Happy book birthday to my fourth novel, Icarus Down! While copies have been circulating at better bookstores a little bit early, this is the official release date, so if you haven't yet bought a copy, do so. And may I also point out that the book makes an excellent Christmas present to your young adult readers in your family.
Enclosed is an opinion piece that I wrote as I was putting the final touches on Icarus Down. The photograph, incidentally, is entitled Steampunks by Kyle Cassidy, and is used in accordance with her Creative Commons license...
Some science fiction and fantasy fans want a little bit of the past with their future. In books and in movies, some writers are combining the atmosphere and aesthetic of the Victorian era with their fanciful and fantastic storylines. This has created a sub-genre often referred to as "steampunk".

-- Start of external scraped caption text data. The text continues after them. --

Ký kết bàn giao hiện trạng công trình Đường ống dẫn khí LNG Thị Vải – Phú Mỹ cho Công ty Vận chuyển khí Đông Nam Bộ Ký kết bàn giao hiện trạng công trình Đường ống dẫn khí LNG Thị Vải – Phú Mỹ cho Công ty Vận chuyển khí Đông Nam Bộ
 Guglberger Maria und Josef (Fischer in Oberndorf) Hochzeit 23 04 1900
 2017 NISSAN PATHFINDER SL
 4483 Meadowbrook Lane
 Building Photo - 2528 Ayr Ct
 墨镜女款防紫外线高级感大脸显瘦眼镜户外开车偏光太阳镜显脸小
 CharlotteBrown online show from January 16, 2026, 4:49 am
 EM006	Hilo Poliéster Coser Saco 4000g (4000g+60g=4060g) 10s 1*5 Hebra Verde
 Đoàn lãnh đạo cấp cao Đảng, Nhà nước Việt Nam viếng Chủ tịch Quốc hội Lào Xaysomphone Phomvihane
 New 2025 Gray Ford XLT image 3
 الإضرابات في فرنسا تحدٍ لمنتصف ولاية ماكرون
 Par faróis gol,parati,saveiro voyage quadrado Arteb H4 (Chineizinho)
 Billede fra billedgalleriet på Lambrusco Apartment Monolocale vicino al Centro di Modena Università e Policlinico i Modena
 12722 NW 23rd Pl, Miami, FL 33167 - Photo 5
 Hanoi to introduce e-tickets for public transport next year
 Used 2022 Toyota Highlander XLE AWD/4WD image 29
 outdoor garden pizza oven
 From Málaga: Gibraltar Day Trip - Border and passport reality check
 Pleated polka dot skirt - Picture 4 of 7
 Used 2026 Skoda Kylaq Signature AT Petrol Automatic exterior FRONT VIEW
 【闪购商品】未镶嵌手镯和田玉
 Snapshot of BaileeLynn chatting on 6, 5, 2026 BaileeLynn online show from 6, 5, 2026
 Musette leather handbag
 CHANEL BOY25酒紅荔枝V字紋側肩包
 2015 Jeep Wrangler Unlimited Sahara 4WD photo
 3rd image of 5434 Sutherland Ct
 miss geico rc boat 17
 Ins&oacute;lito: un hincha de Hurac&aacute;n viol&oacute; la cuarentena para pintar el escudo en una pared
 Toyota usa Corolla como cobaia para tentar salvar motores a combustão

Steampunk can be broadly defined as using a Victorian style design or approach to the setting or characterization of the story. Steampunk can range from the superficial (such as the television series Warehouse 13, whose steampunk aesthetic is specifically said to be a fashion choice by Artie, the leader of the warehouse), or it can be deeper, specifically setting the story in the Victorian era, and dealing with the mores and the mindset of the Victorians as they encounter science fiction and fantasy tropes from aliens to robots to dragons.
But which is it? Does steampunk take the Victorian era and spin some science fiction elements in it? Or does steampunk take a science fiction setting, and use whatever excuse it can to make it Victorian? And does the choice between these two options alter the way the story is presented?
Think of what it would be like to give Victorian England access to 21st century technology. Now think of forcing 21st century England to live with Victorian-era infrastructure. The choice is up to the writer, but it can produce some subtle, though profound differences.
The seminal works of steampunk date from the 1960s and the 1970s, but K.W. Jeter coined the term in 1987 in a letter to Locus magazine:
"Enclosed is a copy of my 1979 novel Morlock Night; I'd appreciate your being so good as to route it Faren Miller, as it's a prime piece of evidence in the great debate as to who in "the Powers/Blaylock/Jeter fantasy triumvirate" was writing in the "gonzo-historical manner" first. Though of course, I did find her review in the March Locus to be quite flattering.
"Personally, I think Victorian fantasies are going to be the next big thing, as long as we can come up with a fitting collective term for Powers, Blaylock and myself. Something based on the appropriate technology of the era; like "steampunks", perhaps..."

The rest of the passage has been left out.